En la España del siglo XVI, y en la América de la primera mitad del siglo XX, ambos viajan con  frecuencia inhabitual, Teresa por España y Merton por el mundo. Desde la España imperial, los escritos de Teresa viajan aun más rápidamente a  la Europa de esa modernidad  incipiente, sacudida por la diversidad de ideas, la novedad de los avances científicos, el descubrimiento de América;  una época de grandes dudas, que ha salido a tientas del cobijo medieval,   donde la autoridad religiosa ya no es absoluta, ni argumento válido,  y el entredicho de las nuevas ideas, sospechosas de luteranismo, predispone a un estado de alerta frente a la terrible Inquisición,  que se trasluce en sus escritos.

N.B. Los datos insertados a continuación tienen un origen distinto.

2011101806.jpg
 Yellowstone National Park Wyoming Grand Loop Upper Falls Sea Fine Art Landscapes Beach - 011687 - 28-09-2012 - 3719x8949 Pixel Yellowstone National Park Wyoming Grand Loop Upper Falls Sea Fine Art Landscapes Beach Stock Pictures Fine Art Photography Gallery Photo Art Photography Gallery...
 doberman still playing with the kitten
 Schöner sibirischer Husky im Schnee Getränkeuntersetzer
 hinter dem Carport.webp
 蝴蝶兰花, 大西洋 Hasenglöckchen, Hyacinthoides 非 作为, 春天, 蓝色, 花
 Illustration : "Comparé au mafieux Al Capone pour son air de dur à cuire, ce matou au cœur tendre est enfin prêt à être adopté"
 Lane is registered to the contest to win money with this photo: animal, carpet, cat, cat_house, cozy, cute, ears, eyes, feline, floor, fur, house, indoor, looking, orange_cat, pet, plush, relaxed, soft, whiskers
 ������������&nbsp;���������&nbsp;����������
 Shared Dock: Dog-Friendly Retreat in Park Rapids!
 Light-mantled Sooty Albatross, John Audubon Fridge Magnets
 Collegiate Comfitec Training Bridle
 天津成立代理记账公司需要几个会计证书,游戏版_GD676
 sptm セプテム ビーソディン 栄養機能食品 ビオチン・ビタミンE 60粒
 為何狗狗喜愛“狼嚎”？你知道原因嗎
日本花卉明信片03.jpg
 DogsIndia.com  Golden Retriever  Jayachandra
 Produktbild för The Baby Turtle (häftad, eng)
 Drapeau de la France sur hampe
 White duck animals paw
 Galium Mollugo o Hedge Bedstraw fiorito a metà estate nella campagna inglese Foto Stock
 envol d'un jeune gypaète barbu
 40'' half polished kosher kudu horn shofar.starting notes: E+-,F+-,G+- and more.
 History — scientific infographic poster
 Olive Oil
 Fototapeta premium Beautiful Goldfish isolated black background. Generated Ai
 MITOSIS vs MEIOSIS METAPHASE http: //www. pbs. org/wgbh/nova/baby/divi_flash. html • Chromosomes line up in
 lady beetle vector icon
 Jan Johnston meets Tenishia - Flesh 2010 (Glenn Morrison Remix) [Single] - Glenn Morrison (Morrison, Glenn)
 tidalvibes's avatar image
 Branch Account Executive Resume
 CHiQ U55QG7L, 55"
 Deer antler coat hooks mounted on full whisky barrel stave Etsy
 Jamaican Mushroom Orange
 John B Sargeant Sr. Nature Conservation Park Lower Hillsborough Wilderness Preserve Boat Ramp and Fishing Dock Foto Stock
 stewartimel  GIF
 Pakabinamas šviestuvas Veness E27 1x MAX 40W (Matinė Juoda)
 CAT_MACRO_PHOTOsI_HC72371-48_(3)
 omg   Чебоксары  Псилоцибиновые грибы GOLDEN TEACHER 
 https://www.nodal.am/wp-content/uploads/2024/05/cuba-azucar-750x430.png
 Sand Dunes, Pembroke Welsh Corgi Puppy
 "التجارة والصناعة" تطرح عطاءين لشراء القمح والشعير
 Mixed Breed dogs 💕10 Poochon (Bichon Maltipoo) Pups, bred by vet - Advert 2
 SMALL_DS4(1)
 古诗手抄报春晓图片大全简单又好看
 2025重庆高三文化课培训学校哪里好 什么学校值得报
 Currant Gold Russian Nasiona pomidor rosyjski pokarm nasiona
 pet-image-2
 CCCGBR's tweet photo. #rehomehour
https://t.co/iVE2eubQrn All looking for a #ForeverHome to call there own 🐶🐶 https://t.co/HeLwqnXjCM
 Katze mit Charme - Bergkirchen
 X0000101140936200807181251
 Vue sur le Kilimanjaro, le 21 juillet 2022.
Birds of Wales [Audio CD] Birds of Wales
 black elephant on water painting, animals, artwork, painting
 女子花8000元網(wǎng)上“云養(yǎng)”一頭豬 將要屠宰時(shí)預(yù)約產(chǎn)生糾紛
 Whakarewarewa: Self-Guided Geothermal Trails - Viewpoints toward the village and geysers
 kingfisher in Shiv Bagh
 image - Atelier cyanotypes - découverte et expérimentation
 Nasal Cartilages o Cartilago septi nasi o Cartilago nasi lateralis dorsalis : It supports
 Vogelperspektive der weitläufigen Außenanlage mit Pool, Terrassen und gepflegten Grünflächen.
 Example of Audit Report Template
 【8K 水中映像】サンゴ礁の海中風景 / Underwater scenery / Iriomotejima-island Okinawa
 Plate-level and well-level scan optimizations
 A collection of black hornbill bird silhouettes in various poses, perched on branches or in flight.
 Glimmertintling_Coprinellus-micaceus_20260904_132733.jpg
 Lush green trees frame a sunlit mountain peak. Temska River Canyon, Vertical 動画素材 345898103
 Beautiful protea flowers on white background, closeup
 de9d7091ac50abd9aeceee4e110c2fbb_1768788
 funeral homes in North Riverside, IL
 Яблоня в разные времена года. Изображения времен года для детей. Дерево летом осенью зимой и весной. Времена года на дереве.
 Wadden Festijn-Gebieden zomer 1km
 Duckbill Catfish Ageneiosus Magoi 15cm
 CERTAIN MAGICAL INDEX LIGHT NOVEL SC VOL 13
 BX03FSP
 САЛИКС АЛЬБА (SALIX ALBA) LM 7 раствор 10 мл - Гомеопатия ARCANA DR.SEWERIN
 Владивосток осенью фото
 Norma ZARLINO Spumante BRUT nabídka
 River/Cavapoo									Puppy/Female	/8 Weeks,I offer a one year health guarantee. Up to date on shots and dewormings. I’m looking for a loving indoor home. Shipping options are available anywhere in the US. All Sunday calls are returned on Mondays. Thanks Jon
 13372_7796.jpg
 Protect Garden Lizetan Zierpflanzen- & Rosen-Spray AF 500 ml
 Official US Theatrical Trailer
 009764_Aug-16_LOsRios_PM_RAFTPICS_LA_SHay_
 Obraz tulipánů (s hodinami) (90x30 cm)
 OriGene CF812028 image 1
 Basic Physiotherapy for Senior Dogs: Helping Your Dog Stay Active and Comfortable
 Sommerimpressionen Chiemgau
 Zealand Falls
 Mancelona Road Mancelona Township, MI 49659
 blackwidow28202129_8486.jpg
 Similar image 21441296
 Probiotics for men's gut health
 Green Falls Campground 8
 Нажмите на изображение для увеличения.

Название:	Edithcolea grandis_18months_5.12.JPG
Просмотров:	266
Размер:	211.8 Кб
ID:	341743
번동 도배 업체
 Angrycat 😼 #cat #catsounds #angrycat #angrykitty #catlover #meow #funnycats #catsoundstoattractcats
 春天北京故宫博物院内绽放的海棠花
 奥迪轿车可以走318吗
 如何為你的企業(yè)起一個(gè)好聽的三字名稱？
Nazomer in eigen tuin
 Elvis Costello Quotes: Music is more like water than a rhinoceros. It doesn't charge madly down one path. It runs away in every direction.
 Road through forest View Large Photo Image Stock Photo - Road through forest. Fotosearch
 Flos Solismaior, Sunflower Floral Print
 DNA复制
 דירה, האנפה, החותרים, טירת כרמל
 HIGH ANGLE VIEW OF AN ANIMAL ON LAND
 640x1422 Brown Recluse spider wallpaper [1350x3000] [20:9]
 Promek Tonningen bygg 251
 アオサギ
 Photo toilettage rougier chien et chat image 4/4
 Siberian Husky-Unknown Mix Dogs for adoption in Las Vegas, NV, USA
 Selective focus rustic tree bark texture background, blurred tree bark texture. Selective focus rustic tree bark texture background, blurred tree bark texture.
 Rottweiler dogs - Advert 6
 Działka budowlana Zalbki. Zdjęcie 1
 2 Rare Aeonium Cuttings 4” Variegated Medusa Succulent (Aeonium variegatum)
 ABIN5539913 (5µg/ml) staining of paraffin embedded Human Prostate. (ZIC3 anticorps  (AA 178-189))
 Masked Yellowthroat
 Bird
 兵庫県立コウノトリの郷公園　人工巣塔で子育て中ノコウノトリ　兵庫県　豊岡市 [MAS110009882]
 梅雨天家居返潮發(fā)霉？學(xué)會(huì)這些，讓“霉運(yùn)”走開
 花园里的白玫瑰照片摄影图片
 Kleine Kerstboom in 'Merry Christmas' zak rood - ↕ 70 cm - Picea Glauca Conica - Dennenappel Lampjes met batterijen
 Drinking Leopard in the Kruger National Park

Por su parte Merton vive  la gran crisis de mitad del siglo XX, donde después de las dos grandes guerras y en la tensión creciente de la guerra fría, el mundo se abre también a otras culturas y otras creencias religiosas, pero donde el signo de los tiempos es sobre todo el ateísmo y el descreimiento. Así no es de extrañar que el viaje marque para ambos el horizonte de búsqueda que propicia la inseguridad del siglo, mientras que,  por otro lado,  en medio de esa búsqueda, se erijan símbolos de permanencia, fortaleza y seguridad, como son la montaña y el castillo.